Corporations such as Microsoft, Yahoo!, Time Warner and Google were among those spending more than $33 billion in “an ad industry-focused merger and acquisition spree,” writes Jeff Chester of the Center for Digital Democracy in a recent article in The Nation. They’ve dropped “big bucks to acquire firms that collect, analyze and target us largely via stealth and highly sophisticated interactive ad technologies.”
This Web 2.0 bubble is still far from bursting. More than half of all Americans between the ages of 12 and 17 use some online social networking site such as MySpace or Facebook, according to a survey by the Pew Internet and American Life Project. In late October, Microsoft announced that it would pay MySpace rival Facebook $240 million for a mere 1.6 percent stake in the site. This may not be your mother’s media, but it’s still big business.
Some foundations are getting into the digital mix, underwriting both for-profit and nonprofit media experiments that offer more open-content models. Leading the charge is the John S. and James L. Knight Foundation, which, in 2006, awarded MTV $700,000 for its plan to place a young reporter in every state to create weekly cell-phone videos on the election and other political issues.
Knight also partnered with MTV (and its corporate owner Viacom) on a “Young Creators” award (www.youngcreatorsaward.com), which will give up to $500,000 to innovators under 25 who have a winning proposal for a digital news project that helps to build community. The contest closed in mid-October.
“The idea that MTV should be subsidized for contributing to public service is wrongheaded,” Chester wrote on his blog at the Center for Digital Democracy. “Journalism foundations such as Knight and [journalism schools] should be holding the media industry’s editorial feet to the fire, shaming them to spend more money on serious journalism.” But what that serious journalism might look like in this environment is still unclear.

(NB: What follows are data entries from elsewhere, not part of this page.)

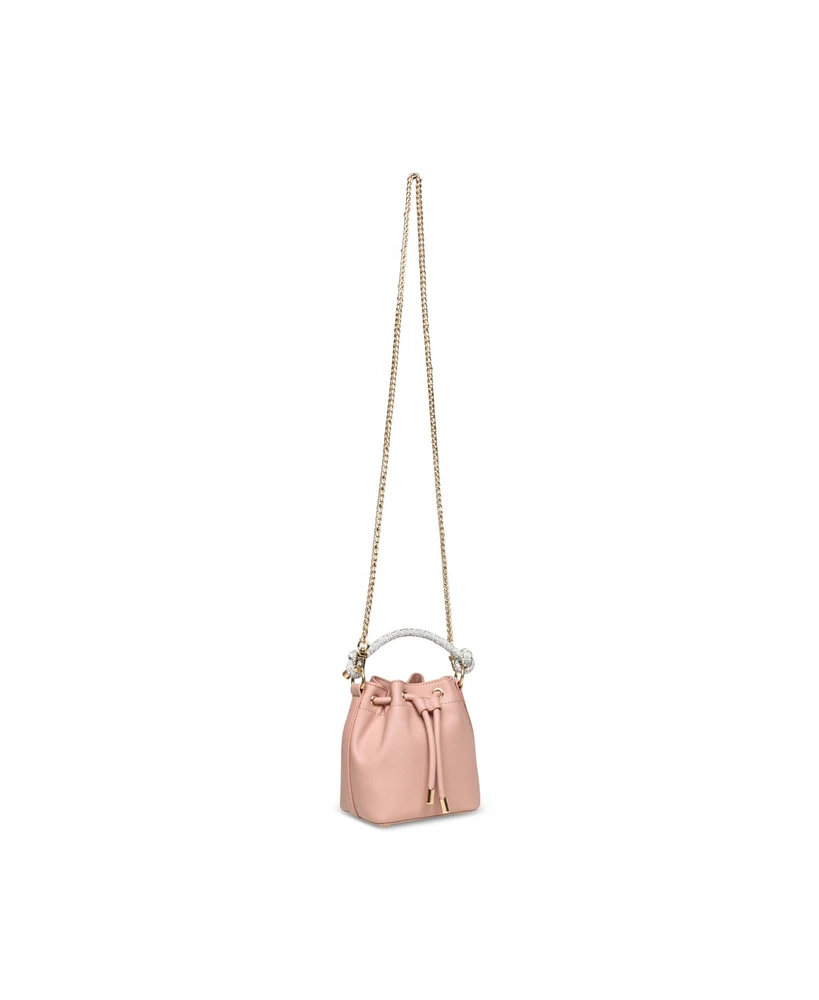 Anne Klein Crystalized Top Handle Mini Bucket Handbag
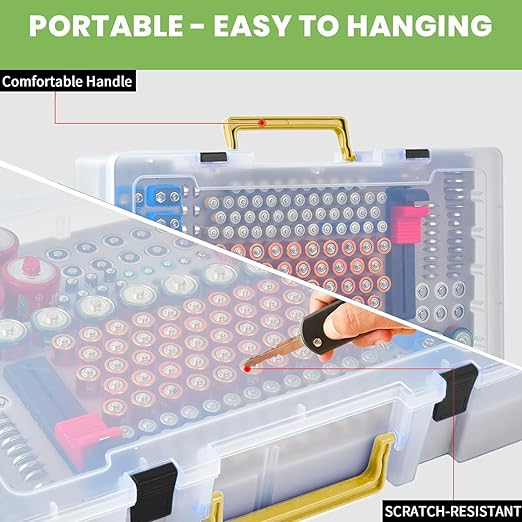 Battery Organizer Storage Holder- Batteries Case Containers Box with Tester Checker BT-168. Garage Organization Holds 225 Batteries AA AAA C D Cell 9V 3V Lithium LR44 CR2 CR1632 CR2032 (Blue)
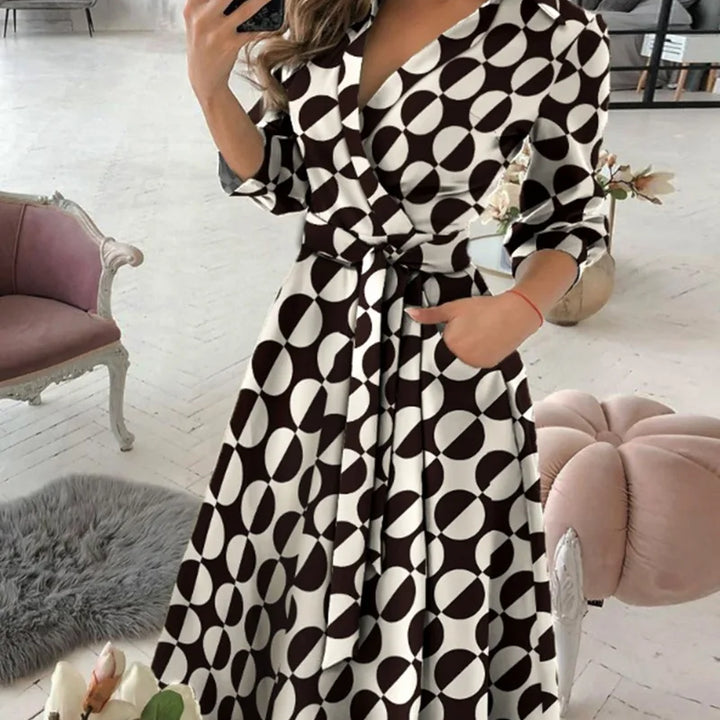 Women's V-Neck Long Sleeve Wrap Dress with various prints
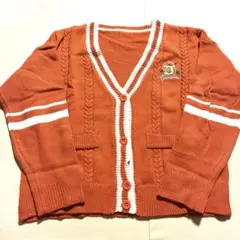 ニットカーディガン　オレンジ　スクールセーター　長袖　ポムポムプリン
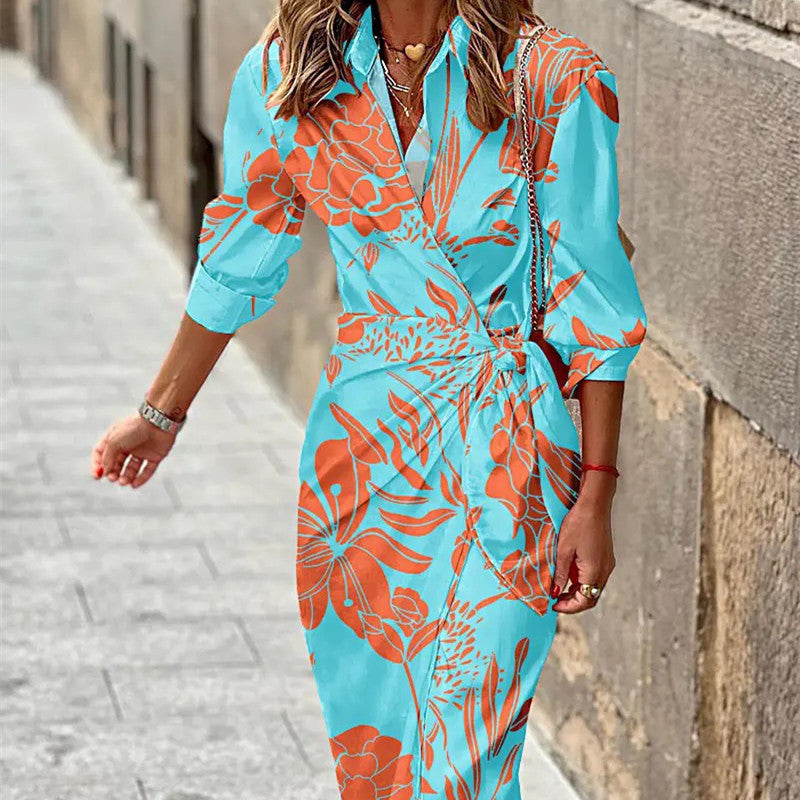 Women's Printed Lapel Shirt Dress with Belt (photo 8)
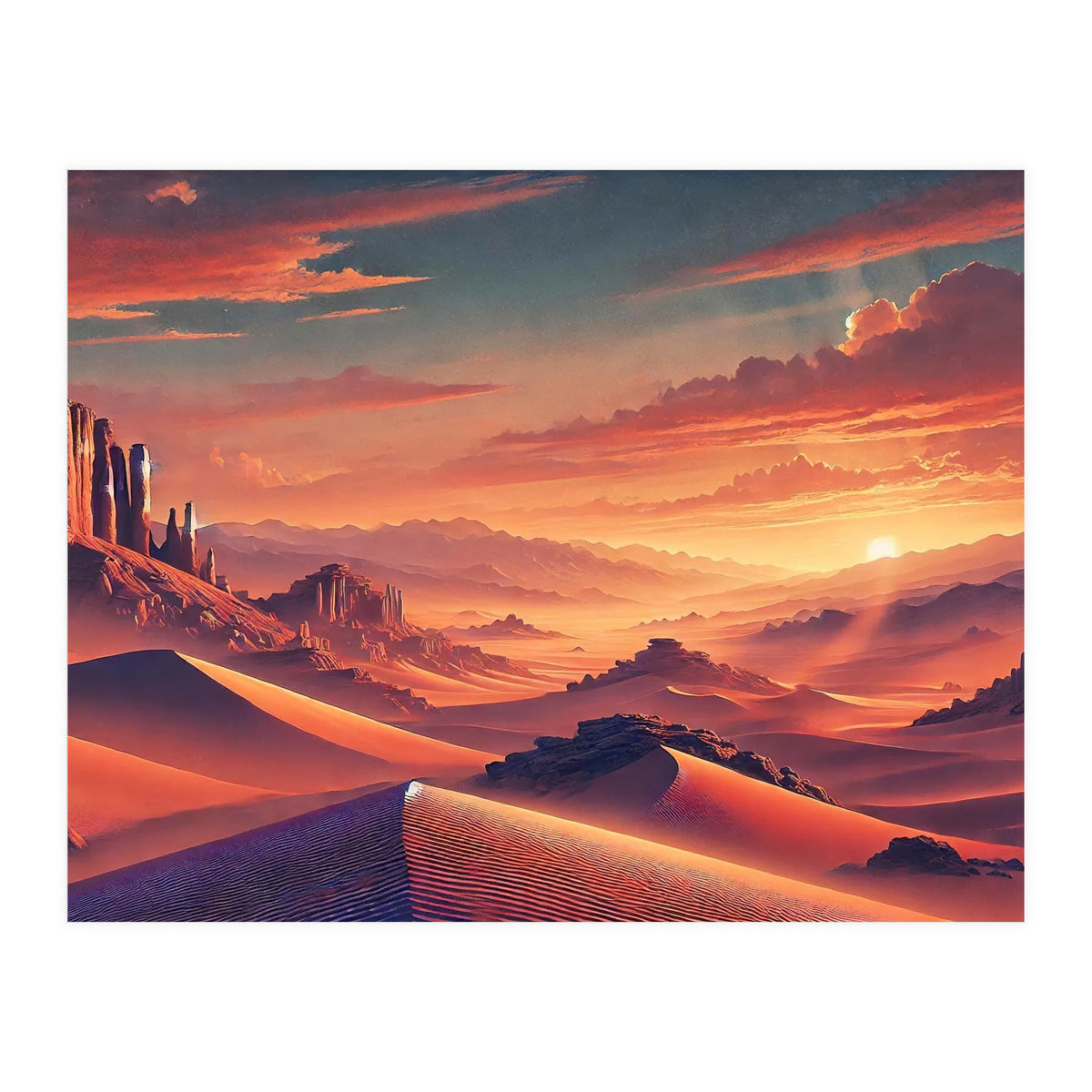 Vintage Chile, Atacama Desert Sunset Poster (Print Only)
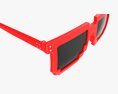 Pixel Style Glasses Red 3D 모델 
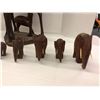 Image 3 : Large Group of Carved Wood Elephants with bone tusks, Sprinkbuck and Pomegranet Husk from South Afri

Disintermediated Democrats
User-driven online platforms are not only reshaping the media landscape but shaking up the way candidates communicate with voters. Digital tools played a signal role in the 2004 election, and tools have now permeated other facets of election planning, from communications to fundraising to field operations.
Less than a year out from the election, the presidential campaigns are in R&D mode, experimenting with digital engagement tools while still trying to maintain obligations to older forms of political communication. This tension is reflected in the proliferation of debate formats.
On the Democratic side, the September Dartmouth debate was one of six approved by the Democratic National Committee (DNC) through the end of 2007. As tradition would have it, the party organized all six in conjunction with at least one mainstream news network.
For their part, advocacy groups have been partnering with niche cable channels to host debates that hone in on particular issues. Since April, the Democratic candidates have tangled at two historically black colleges and the NAACP convention, at the YearlyKos and AFL-CIO gatherings in Chicago, on LGBT channel LOGO and Spanish-language channel Univision, and on PBS in conjunction with AARP.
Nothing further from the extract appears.